Unerhört, ja geradezu verhetzend ist es, das Nichtraucherschutzgesetz (NiSchG) in Nordrhein-Westfalen als „radikale Nichtraucherschutz-Regelung“ zu bezeichnen. Es ist hier die Rede von einem mehrheitlich verabschiedeten Gesetz und nicht von einem diktatorischen Zwangserlass, wie Ihre Erklärung dies nahelegt. Ihr Wunsch, die Dinge zu belassen „so wie bisher auch“ lässt darüber hinaus nicht gerade das Grundanliegen der Gesamtpartei, eine Alternative für Deutschland zu sein, durchschimmern. Den von Ihnen geplanten Antrag auf dem nächsten AfD-Landesparteitag zur Durchsetzung Ihrer Position in der Gesamtpartei sollten Sie hinsichtlich seiner inhaltlichen Mängel und Irrtümer gründlich überdenken.

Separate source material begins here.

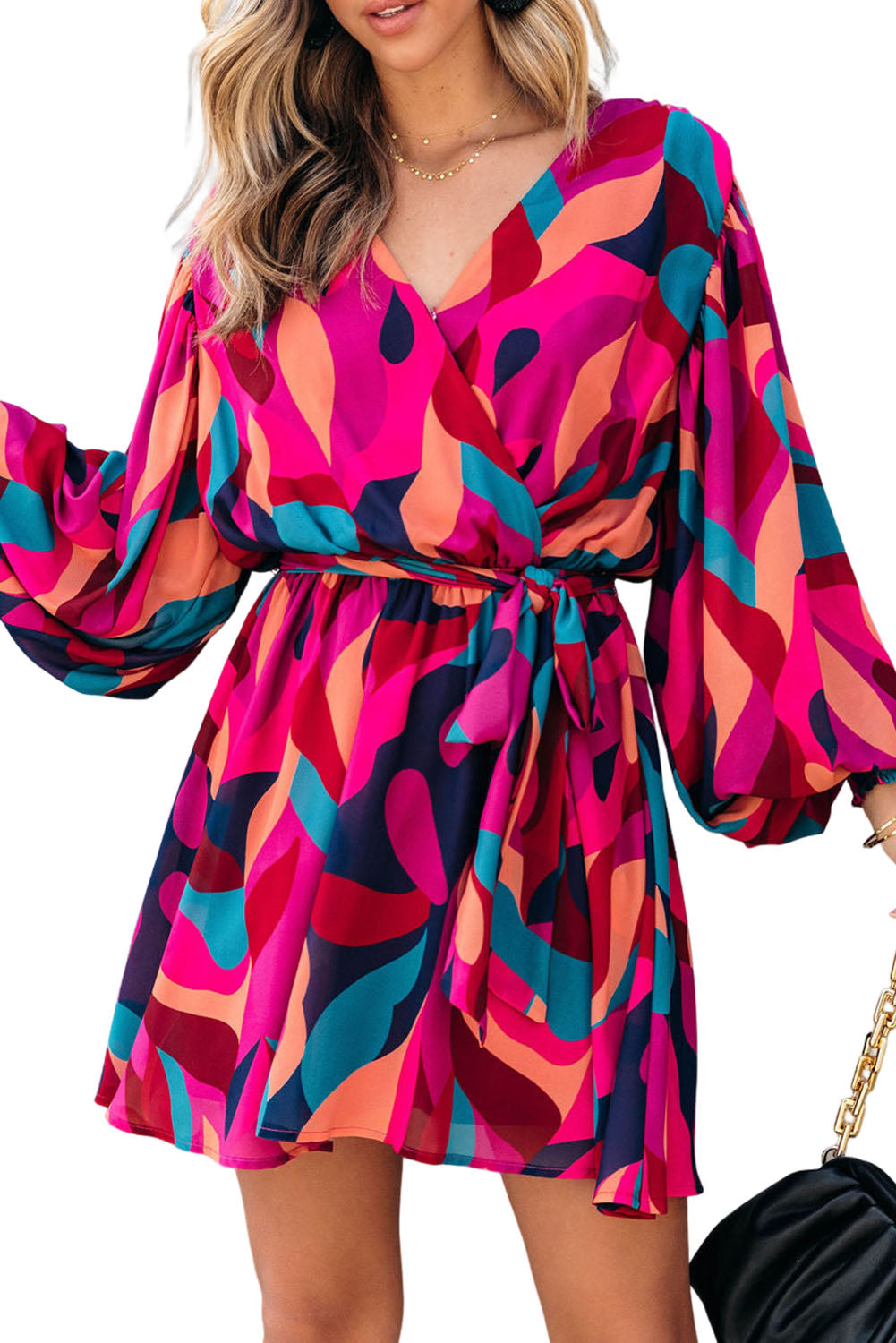 Vestido corto con cinturón y mangas abullonadas con estampado abstracto en rojo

Im Einzelnen beruhen folgende Ihrer Schlussfolgerungen auf unzureichenden Informationen oder auf Irrtümern:

1. „Die im Hinblick auf die gesetzliche Regelung aus dem Jahr 2008 von Gastronomen durchgeführten Investitionen in Nichtraucherbereiche o. ä. sind damit nutzlos geworden“. Das ist mitnichten so: Gastbetriebe, in denen es schon vor dem 1. Mai 2013 Nichtraucherbereiche gab, haben sogar einen Wettbewerbsvorteil, da diese Bereiche höchstwahrscheinlich vorher entsprechend gereinigt und renoviert wurden und daher unappetitliche Tabakablagerungen an Wänden und Mobiliar beseitigt wurden. Somit ist eine derartige Gaststätte auch für nichtrauchende Gäste attraktiv.